Die HEILBRONNER STIMME gibt zu bedenken:

"Gleichwohl birgt das neue Bleiberecht auch Risiken. Der von Arbeitsminister Müntefering befürchtete Verdrängungswettbewerb im Niedriglohnsektor ist eines davon. Auch lehren die Erfahrungen in anderen Ländern, dass ein rechtlich verankerter Bleibeanspruch auf Flüchtlinge weltweit eine Sogwirkung auslöst. Schon deshalb dürfen die jetzt formulierten Bedingungen nicht aufgeweicht werden. Sinnvoll wäre zudem ein Gesamtpaket, damit Deutschland auch auf Leistungsträger attraktiv wirkt.

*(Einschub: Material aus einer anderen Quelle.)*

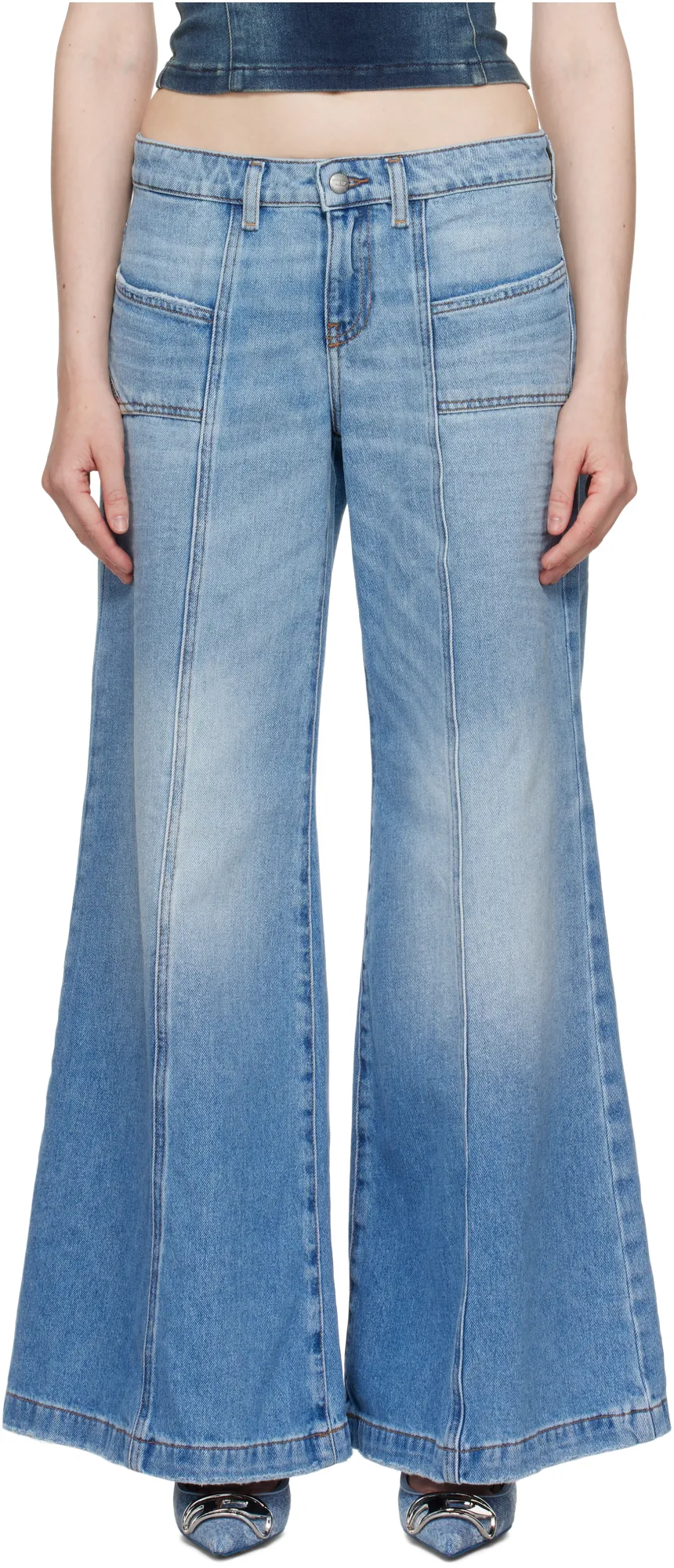 D-Akii Flared Jeans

Für sie sind die Hürden noch zu hoch."

Themenwechsel: Angesichts der Gewalt im Irak und der Blockade im Nahost-Konflikt befürwortet der britische Premierminister Blair eine neue Strategie: Er will die bislang vom Westen isolierten Länder Syrien und Iran in die Lösung der Probleme einbinden und einen Dialog wagen. Die Kommentare der Presse befassen sich intensiv mit dem Vorstoß.

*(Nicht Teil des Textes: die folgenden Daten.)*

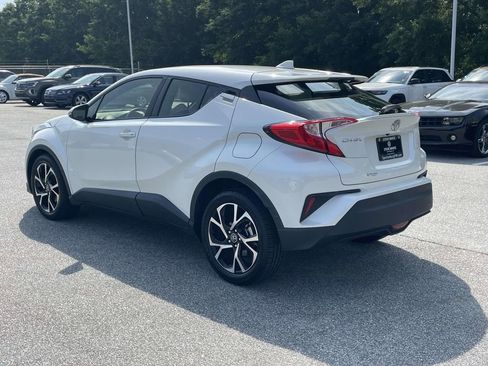 Used 2018 Toyota C-HR XLE FWD image 4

Für die NÜRNBERGER NACHRICHTEN ist der britische Premier auf dem richtigen Weg:

"Tony Blair scheint Bush und Olmert etwas voraus zu haben: An seiner Aufforderung, der gesamten Krisenregion eine grundlegend neue Sicherheitsarchitektur zu verpassen, mag man ablesen, dass da einer erkannt hat, dass man auf Dauer nicht am eigenen Volk vorbeiregieren kann. Es ist der alte Gedanke des «think big», des Denkens in großen Dimensionen, der den Briten eingeholt hat - auch wenn der damit wohl nur sein politisches Erbe ein wenig aufpolieren möchte."

Die WESTDEUTSCHE ZEITUNG aus Düsseldorf zeichnet ein ungünstigeres Bild des Premierministers:

"Normalerweise trottet ein Hund hinter seinem Herrchen her. Sollte der Vierbeiner doch einmal vorauseilen, stellt das keinen Rollenwechsel dar, solange das Herrchen die Leine führt. Ganz ähnlich verhält es sich mit Bush und Blair. Wenn Blair nun augenscheinlich vorprescht und die Schurkenstaaten Iran und Syrien umwirbt, dann geschieht das nicht in Opposition zu Bush. Der treue Verbündete aus London spricht nur offen aus, was die US- Regierung nach ihrer bitteren Niederlage bei den Kongresswahlen endlich begriffen hat."

Der KÖLNER STADT-ANZEIGER hält Blairs Idee für realistisch:

"Syrien und Iran werden einem Geschäft nicht abgeneigt sein, wenn ein gutes Angebot auf dem Tisch liegt. Vor allem Syriens Herrscher Assad giert geradezu nach internationaler Anerkennung seit dem schmählichen Rückzug der syrischen Truppen aus dem Libanon, der nicht zuletzt auf amerikanischen Druck zurückzuführen war. Mit dem Iran könnte es ungleich schwerer werden. Doch echte Verhandlungen ohne Vorbedingungen haben schon manche Kuh vom Eis gebracht."

Die LANDESZEITUNG aus Lüneburg kritisiert hingegen:

"So sieht eine verheerende Niederlage aus: Als letzter Ausweg erscheint den Kreuzzüglern für Demokratie das Paktieren mit den Mächten der Achse des Bösen. So ist die Einbeziehung Irans und vor allem Syriens in die Nahost-Politik zwar eine überfällige Idee. Doch der sich anbahnende Strategiewechsel im Irak kommt zu spät. Der Geist des Bürgerkriegs ist aus der Flasche. Schwer vorstellbar, dass ausgerechnet Iran und Syrien dem Westen dabei helfen werden, ihn wieder einzufangen. Zu sehr profitieren beide Staaten von dem Chaos im Nachbarland."